Summer Intern Series Featuring Josh Arnold – Emory Healthcare
I am a bit over halfway through my internship at this point and it has been a fantastic experience. My project is to complete a major overhaul of the department’s medical residency website to enhance content, look and feel, user-friendliness, and modernity to continue attracting top talent. My supervisor, director, and other immediate coworkers made me feel right at home from the first day. They all treat me as an equal while viewing me as an individual with a different, yet valuable, skill set that can offer a fresh perspective and make a significant contribution to the project. They were eager to hear my thoughts for the website from our very first meeting and gave me sole ownership of the project. I have taken an I-will-make-it-happen attitude, especially on things with which I do not have experience, and my bosses have responded very well to this approach. We meet regular so I can provide updates and recommendations for the website, and they supply me with any new information that could be useful supplements to the project. In addition to my primary responsibilities, I helped complete a side project within the first few weeks that incorporates QR codes/readers to augment compliance and reduce turnaround time for mandatory ACGME performance evaluations.
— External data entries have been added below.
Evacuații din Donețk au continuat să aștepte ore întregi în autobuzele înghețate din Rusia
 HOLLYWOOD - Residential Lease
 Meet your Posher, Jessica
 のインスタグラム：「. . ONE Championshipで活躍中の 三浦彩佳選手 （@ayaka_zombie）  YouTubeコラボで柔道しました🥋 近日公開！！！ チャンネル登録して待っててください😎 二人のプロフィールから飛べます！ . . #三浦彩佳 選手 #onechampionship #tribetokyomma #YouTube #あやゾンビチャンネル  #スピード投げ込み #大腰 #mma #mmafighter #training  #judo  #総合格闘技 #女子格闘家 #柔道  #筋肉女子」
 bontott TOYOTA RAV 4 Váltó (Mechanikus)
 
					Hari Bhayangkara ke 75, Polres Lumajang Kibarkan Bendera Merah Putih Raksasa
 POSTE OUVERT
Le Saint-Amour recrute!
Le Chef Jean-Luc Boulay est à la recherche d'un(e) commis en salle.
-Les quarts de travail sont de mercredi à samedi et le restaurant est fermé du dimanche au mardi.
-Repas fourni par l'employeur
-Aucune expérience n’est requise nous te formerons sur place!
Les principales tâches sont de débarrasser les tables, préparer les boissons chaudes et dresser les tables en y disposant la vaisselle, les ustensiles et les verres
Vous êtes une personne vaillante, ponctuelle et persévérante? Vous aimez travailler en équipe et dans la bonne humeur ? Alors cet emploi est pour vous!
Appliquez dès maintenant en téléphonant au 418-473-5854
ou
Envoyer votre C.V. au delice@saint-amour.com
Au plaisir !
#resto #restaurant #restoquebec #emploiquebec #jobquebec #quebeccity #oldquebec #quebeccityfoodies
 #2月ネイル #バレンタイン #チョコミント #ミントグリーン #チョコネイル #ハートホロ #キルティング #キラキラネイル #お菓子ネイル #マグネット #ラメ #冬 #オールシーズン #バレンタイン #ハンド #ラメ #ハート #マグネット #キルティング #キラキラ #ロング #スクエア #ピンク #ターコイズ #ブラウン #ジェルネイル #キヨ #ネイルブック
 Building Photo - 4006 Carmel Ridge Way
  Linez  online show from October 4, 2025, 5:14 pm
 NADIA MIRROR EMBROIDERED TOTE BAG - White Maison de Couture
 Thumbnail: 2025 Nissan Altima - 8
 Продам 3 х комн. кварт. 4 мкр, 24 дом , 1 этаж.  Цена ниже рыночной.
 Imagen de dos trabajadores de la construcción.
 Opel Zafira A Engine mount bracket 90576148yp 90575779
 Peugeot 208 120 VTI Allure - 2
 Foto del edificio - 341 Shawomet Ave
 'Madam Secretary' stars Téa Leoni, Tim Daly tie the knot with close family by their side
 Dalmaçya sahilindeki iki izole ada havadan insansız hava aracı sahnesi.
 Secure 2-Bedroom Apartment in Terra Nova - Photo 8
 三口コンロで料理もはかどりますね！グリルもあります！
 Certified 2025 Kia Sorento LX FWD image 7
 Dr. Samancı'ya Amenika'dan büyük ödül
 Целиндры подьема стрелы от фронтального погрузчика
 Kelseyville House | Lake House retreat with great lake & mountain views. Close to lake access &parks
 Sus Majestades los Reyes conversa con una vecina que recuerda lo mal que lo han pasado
One bonus to the internship is regular contact with C-suite hospital administrators to network, and learn more about the organization and their individual roles. We also have a substantial intern contingent of about 30 people from all over the country, which makes for some great professional and social connections.
There is a lot of work left to do in these final few weeks, but I am looking forward to chiseling away at the project and implementing this masterpiece of a website!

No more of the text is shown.